Выработка нового самоощущения совпала с отъездом Герценов из России…
Трагедия самоосуществления
П. Анненков, посетивший семейство Герценов осенью 1847 года в Париже, с нескрываемым удивлением и неодобрением говорит о том, как сильно (и, на его взгляд, мгновенно и беспричинно) переменилась Наталья Александровна. «Жена Г<ерцена> после первой недели своего пребывания в Париже представляла уже из себя совсем другой тип, чем тот, который олицетворяла собой в Москве. <…> Из тихой, задумчивой, романтической дамы дружеского кружка, стремившейся к идеальному воспитанию своей души и не делавшей никаких запросов и никаких уступок внешнему миру, она вдруг превратилась в блестящую туристку, совершенно достойную занимать почетное место в большом, всесветном городе, куда прибыла, хотя никакой претензии на такое место и не заявляла. Новые формы и условия существования вскоре вытеснили у нее и последнюю память о Москве»[530].
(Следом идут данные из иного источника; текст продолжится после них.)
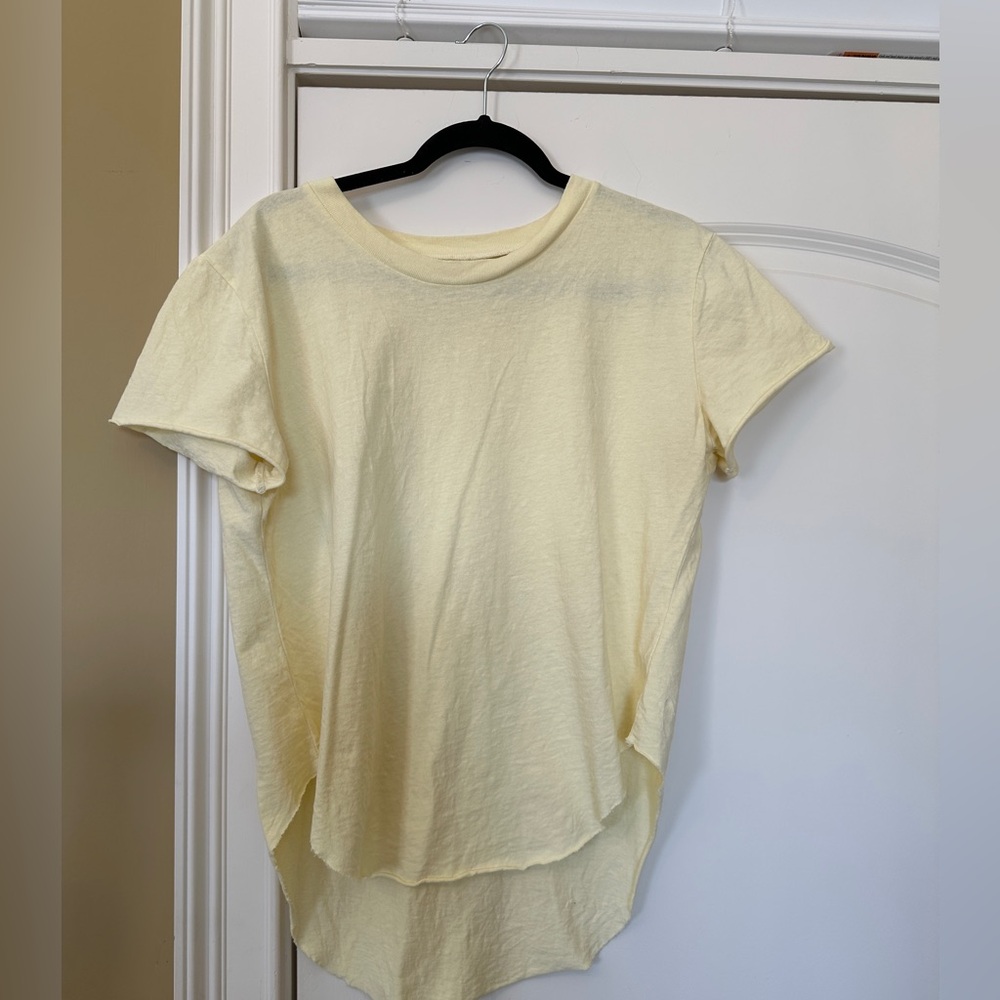Frank & Eileen Theo Medium Light Yellow Short Sleeve Tee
Как можно видеть из писем самой Натальи Александровны, Анненков был глубоко не прав, когда подозревал, что европейские впечатления вытеснили из ее души всякое воспоминание о московских друзьях. Но в чем-то впечатления мемуариста и справедливы: по приезде в Париж в Наталье Александровне окрепло ощущение, что она пережила перерождение, что началась какая-то новая жизнь с новыми ценностями, где приоритетами являются самостоятельный выбор и организация жизни по собственному вкусу и желанию.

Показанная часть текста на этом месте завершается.